Jean-Louis Palierne a écrit :La clôture du Canon eucharistique par le Quinisexte Concile œcuménique ne signifie pas que la foi chrétienne soit contenue dans la Sola Scriptura. Elle comprend beaucoup d’autre chose. Elle ne se limite pas non plus au Symbole de Nicée’Constantinople. Elle comprend beaucoup d’autres choses. J’entends bien que la réception du Canon des Écritures et du Symbole de la foi (= Credo) par les communautés de la Confession d’Augsbourg représente un élément qui différencie profondément ces communautés des autres communautés chrétiennes qui n’acceptent de la Tradition chrétienne que des lambeaux beaucoup plus rudimentaires.. Vous avez effectivement un appui de taille puisque déjà vous avez conservé l’héritage, qui nous est donc commun, du Canon des Écritures et du Symbole de la foi.

L’image selon laquelle l’Église se trouve “à l’intérieur du Credo” est quelque peu restrictive.

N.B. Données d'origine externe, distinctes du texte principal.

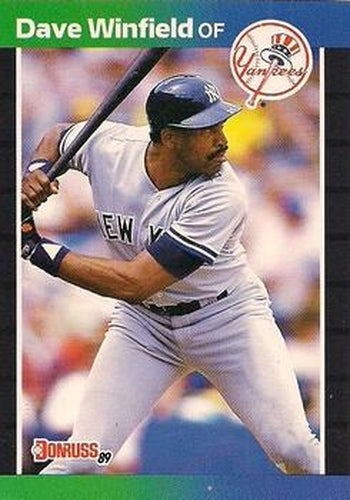 #159 Dave Winfield - New York Yankees - 1989 Donruss Baseball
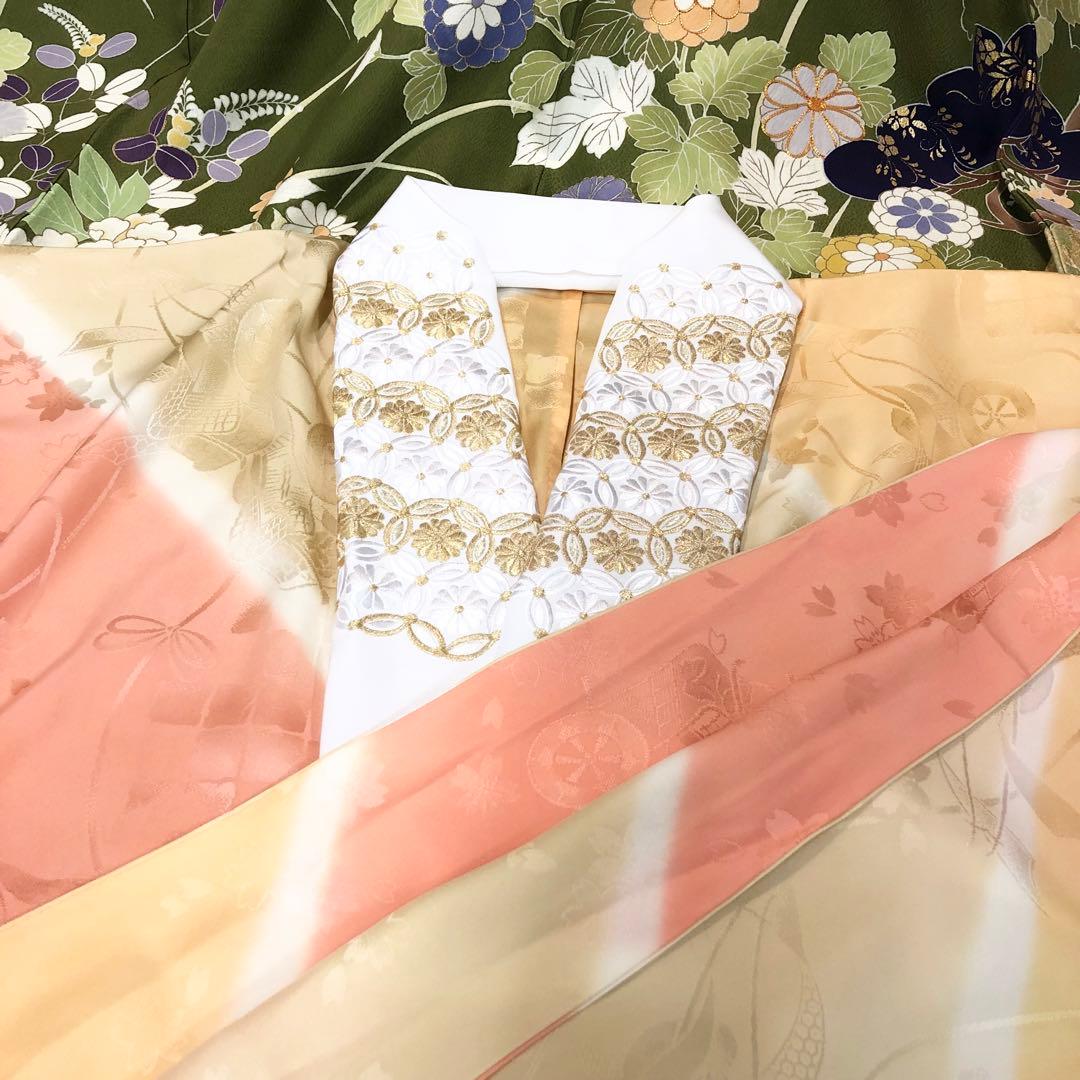 振袖フルセット■千總■落款入り■最高峰京友禅■名門河合美術織物■振袖一式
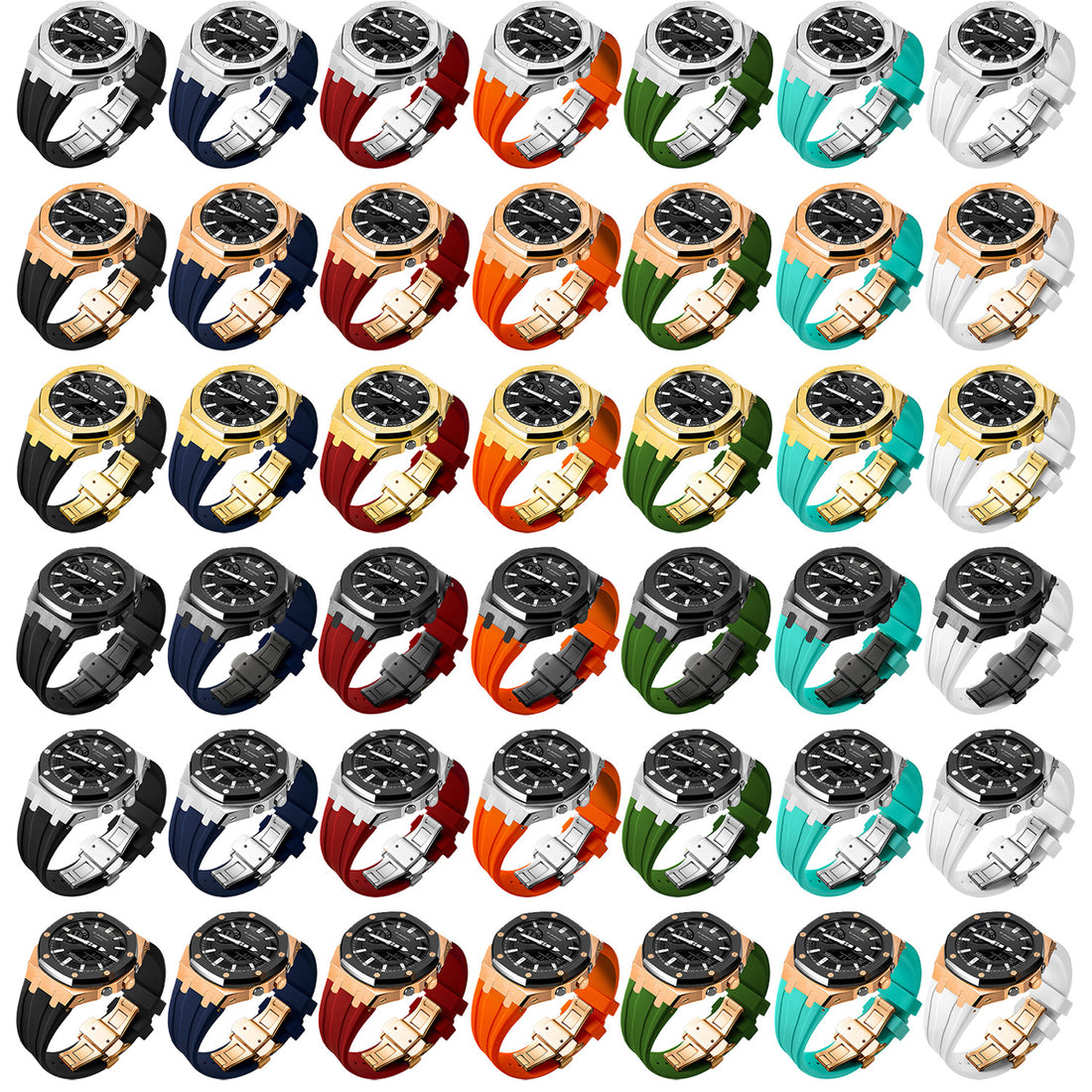 Casio GA2100 Stainless Steel AP Style Case Conversion Kit - Replacement Steel Strap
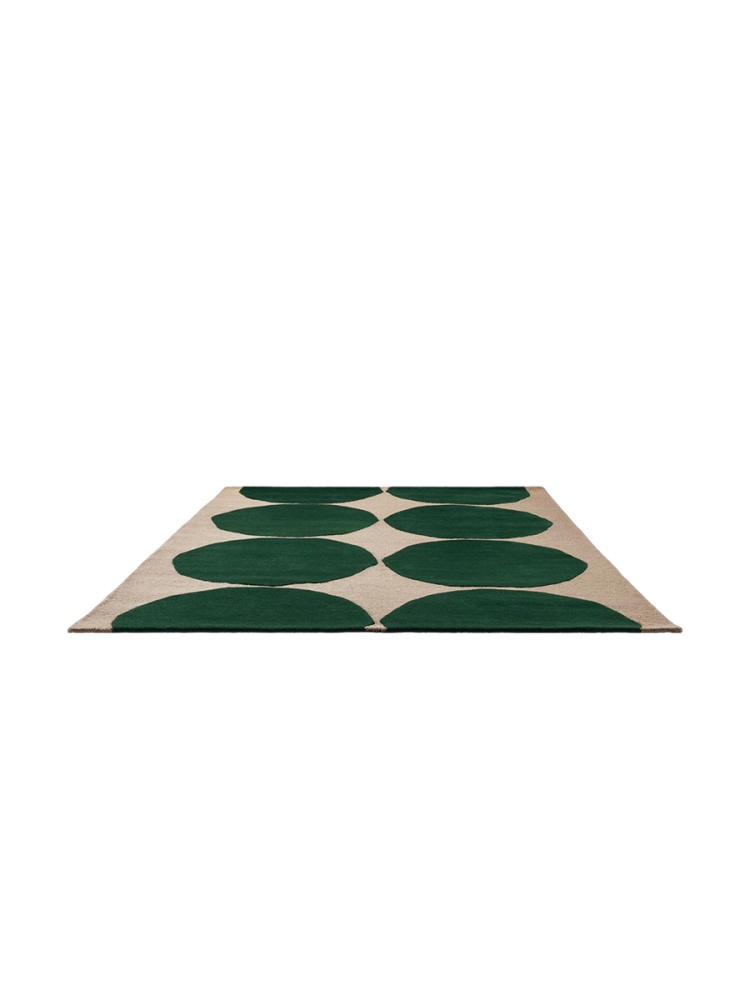 Handgetufteter Designer Teppich „Isot Kivet Green“ aus 100% Wolle, verschiedene Grössen MARIMEKKO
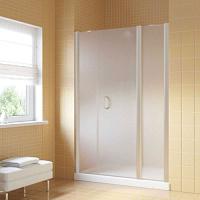 Душевая дверь профиль матовый хром стекло сатин Vegas-glass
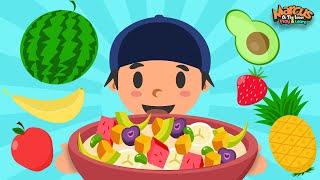 Fruit Salad Song for Kids New Version  Watermelon Song  Fruits Vocabulary for Kids [upl. by Aihsitan]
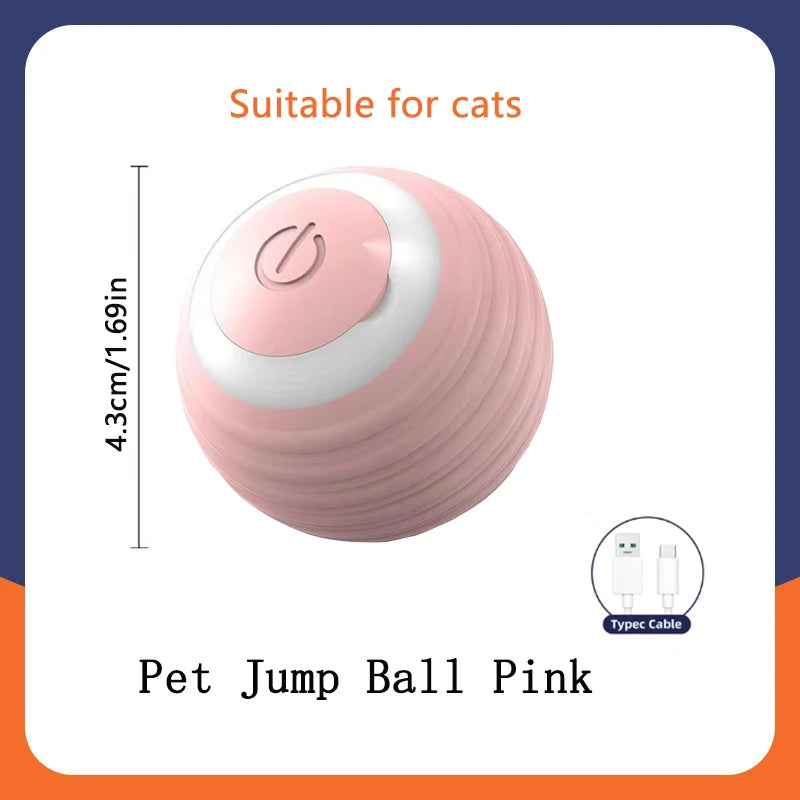 Smart Jump Ball Interactive Pet Toy (USB-C Rechargeable)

Il vaudrait mieux dire que le Credo est le socle de l’Église. C’est à partir de là que tout commence. À la liturgie eucharistique, le diacre dit : « Les portes ! Les portes ! Que les catéchumènes se retirent !» C’est alors que les fidèles se retrouvent entre eux, sous la présidence de l’évêque, et on récite le Credo. Et à la Liturgie chaque fidèle (fidèle < fides = foi) récite le Credo à la première personne du singulier : « Je crois », et non :  « Nous croyons ».
Je félicite les luthériens d’utiliser un Credo sans “filioque”.
Vous n'êtes pas sans connaître l'importance capitale du Symbole oecuménique pour notre Foi. Car, un symbole est un signe de reconnaissance et celui de Nicée-Constantinople est le seul signe de reconnaissance entre les Chrétiens.

Or, dans ce symbole, il est dit qu'il faut croire à la Résurrection du Christ conformément aux Écritures. Ainsi, le principe du sola scriptura est-il bien intégré et affirmé dans la Foi chrétienne de toujours, puisque si nous devons croire au sola scriptura pour affirmer le point capital de notre Foi-la Résurrection de J-C(Icor15), alors qu'en sera-t-il du reste? Ce qui nous convie à affirmer que le canon biblique reconnu par Laodicée, confirmé par le Quini-sexte, est bien la norme ultime de notre Foi. Sinon, que signifierait notre symbole?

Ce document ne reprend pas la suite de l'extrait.